%%
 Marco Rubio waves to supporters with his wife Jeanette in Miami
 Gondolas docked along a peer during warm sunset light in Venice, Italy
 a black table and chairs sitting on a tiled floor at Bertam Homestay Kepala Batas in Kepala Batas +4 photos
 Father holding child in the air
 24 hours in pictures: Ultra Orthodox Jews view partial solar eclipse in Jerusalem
%%
%%
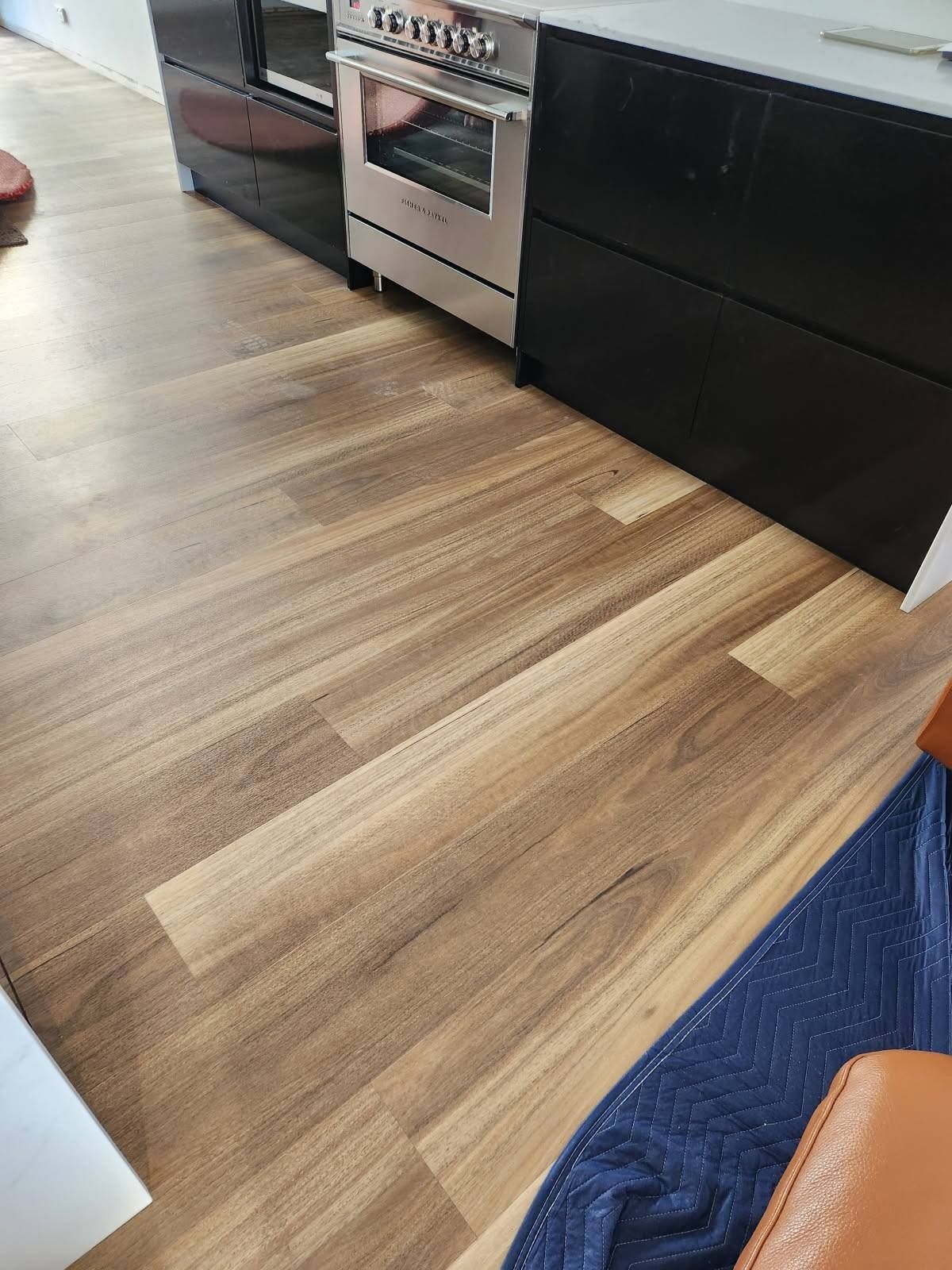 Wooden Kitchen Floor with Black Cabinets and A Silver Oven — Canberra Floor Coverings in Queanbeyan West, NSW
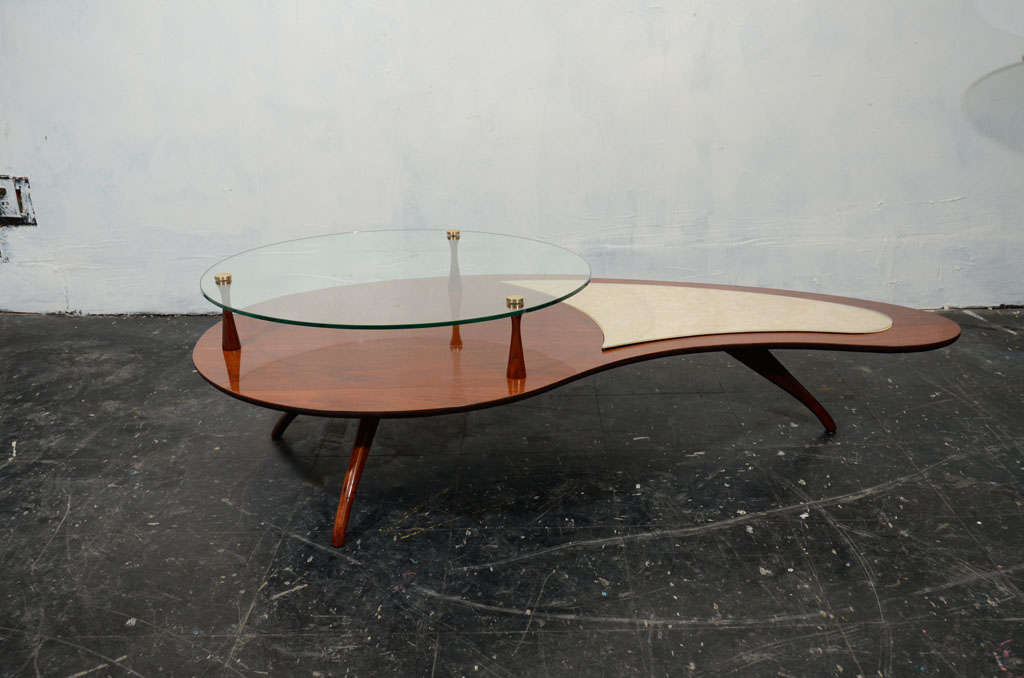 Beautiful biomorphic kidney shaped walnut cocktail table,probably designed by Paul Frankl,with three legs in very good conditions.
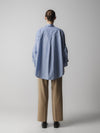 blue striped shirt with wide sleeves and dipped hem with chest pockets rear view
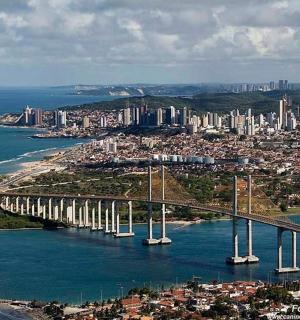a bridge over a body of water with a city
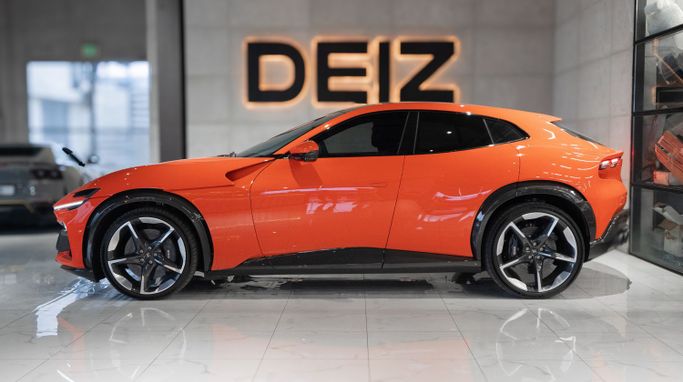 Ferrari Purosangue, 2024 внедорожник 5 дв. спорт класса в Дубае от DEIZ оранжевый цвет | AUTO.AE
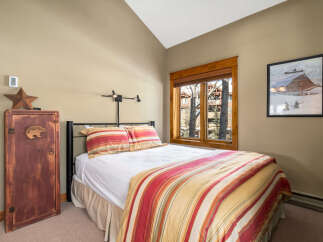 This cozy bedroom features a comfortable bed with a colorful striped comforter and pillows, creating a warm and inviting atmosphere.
%%
> _PROBLEM REQUIREMENTS_
Above are the lines; repeat exactly the ones from the line containing "Marco Rubio waves" down to the line containing "24 hours in", both inclusive.

> _EXERCISE RESPONSE_
 Marco Rubio waves to supporters with his wife Jeanette in Miami
 Gondolas docked along a peer during warm sunset light in Venice, Italy
 a black table and chairs sitting on a tiled floor at Bertam Homestay Kepala Batas in Kepala Batas +4 photos
 Father holding child in the air
 24 hours in pictures: Ultra Orthodox Jews view partial solar eclipse in Jerusalem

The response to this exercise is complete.